Anybody is more than welcome to go hog huntin with me I got the dogs or if y'all have dogs I like a team up


----------



## djbenz (Feb 22, 2013)

I am interested. I live in Memphis, and haven't hunted hogs before, but I have been wanting to do it for a while.


----------



## RUGERWARRIOR (Feb 22, 2013)

You will have a blast. I'm gonna get some dogs this year. I would defiantly take boarman up on it but I'm to far away.


----------



## tail_slider3d (Feb 22, 2013)

When and where?


----------



## Cuhullin (Feb 23, 2013)

im interested. got two dogs about to turn one yr old. last weekend to get them on awma or national first until Turkey season if i read the rulebook right


----------



## XJfire75 (Feb 23, 2013)

Ever run em down towards the coast?

If so, I'm down.


----------



## holton27596 (Feb 25, 2013)

Ever run em down towards the coast?

If so, I'm down. 
Same here. i know we have tons of hogs from st marys thick all the way up to at least darien and probally all the way up to SC.


----------



## boarman123 (Feb 25, 2013)

Never been toward the coast mostly swamps


----------



## thap74 (Feb 26, 2013)

Lets go I got a  pack to.


----------



## devin25gun (Feb 26, 2013)

heck yeah!  I would luv to go.  Never been with dogs.  When and where.


----------



## g2 tall tines (Feb 26, 2013)

Have gun will travel let me no what u got in mind I'm in


----------



## Cuhullin (Mar 1, 2013)

I saw there is some dog hog hunts for altamaha wma coming up. buffalo swamp was one of the only ones accessable by land. I was thinking about trying chattahoochie or oconee national forest also.
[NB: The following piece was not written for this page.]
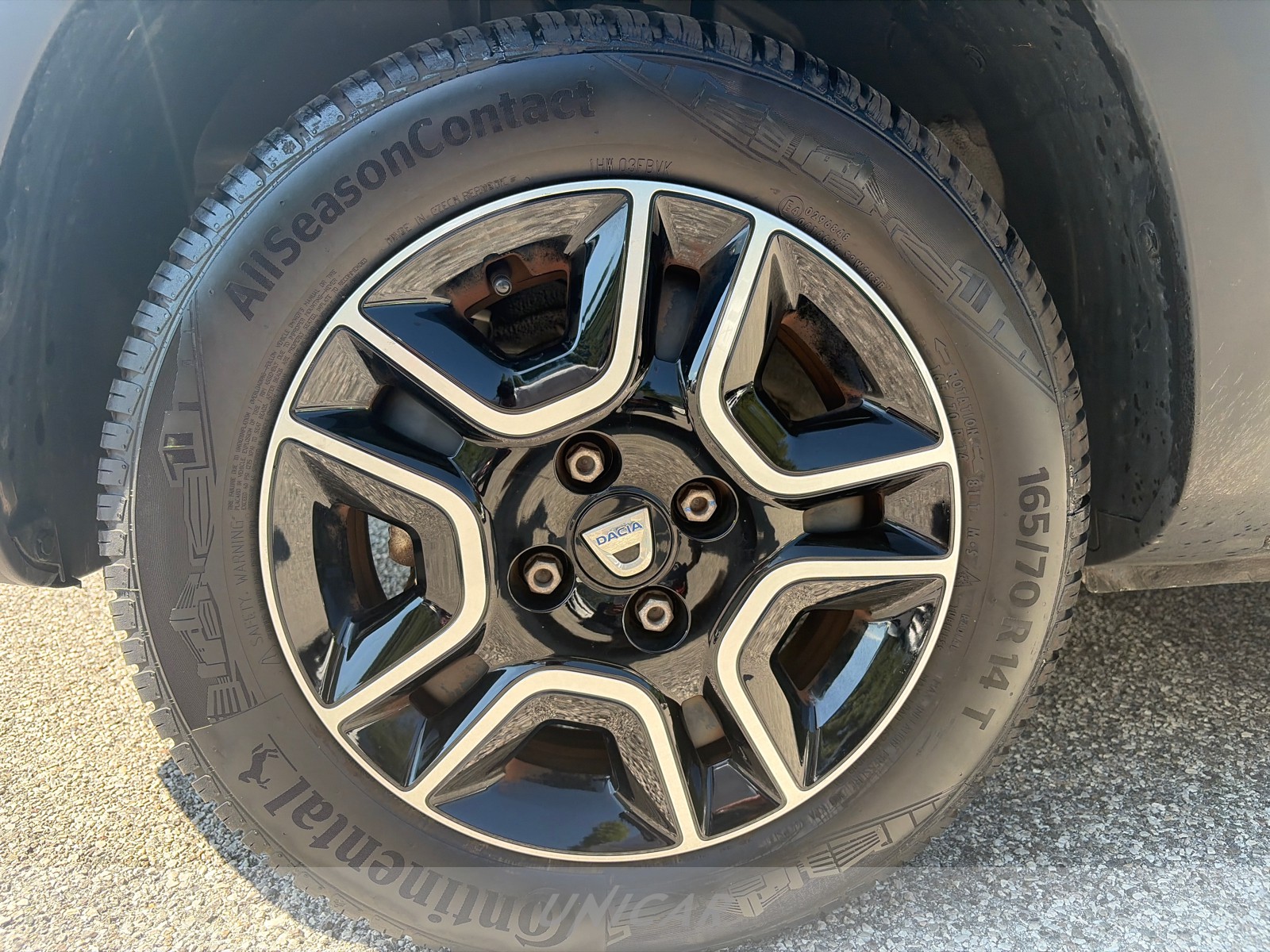 UNICAR Dacia Spring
Unless someone knew of some private land or hunt club.


----------



## smokin quack 91 (Mar 6, 2013)

Im in pm sent


----------



## madison daniel (Mar 7, 2013)

I'm in bartow let me know I got places and dogs


----------



## Cuhullin (Mar 9, 2013)

john mcdermott, acworth, ga. 678-464-3656. my dogs machiavelli and cheetah just turned one.


----------



## RUGERWARRIOR (Mar 14, 2013)

Well, have any of y'all hooked up and done any huntin yet?


----------



## thap74 (Mar 15, 2013)

Nope never heard back from anyone.


----------



## Cuhullin (Mar 16, 2013)

na. someone holler at me with some older dogs. ill pay for gas or cold beverages or what not.


----------



## boarman123 (Mar 17, 2013)

Sorry people for not hollering back at y'all I been here busy


----------



## ballgroundhound (May 1, 2013)

My buddy has a club n ceader town my number is 706-876-8308 call me anytime we will b there never been with dogs I'm down when ever this weekend sounds good to me night or day


----------



## nick220 (May 31, 2013)

If someone would not mind, I would love to tag a long on a hog hunt. I do not mind getting in there helping out.


----------



## Rich Kaminski (Jun 6, 2013)

Count me in. Let me know when and whereto meet.


----------



## jdavis211pd (Jul 16, 2013)

Enough said I go and bring my mutts to


----------



## jdavis211pd (Jul 16, 2013)

706-871-1357 is my number boar man call or text when ready


----------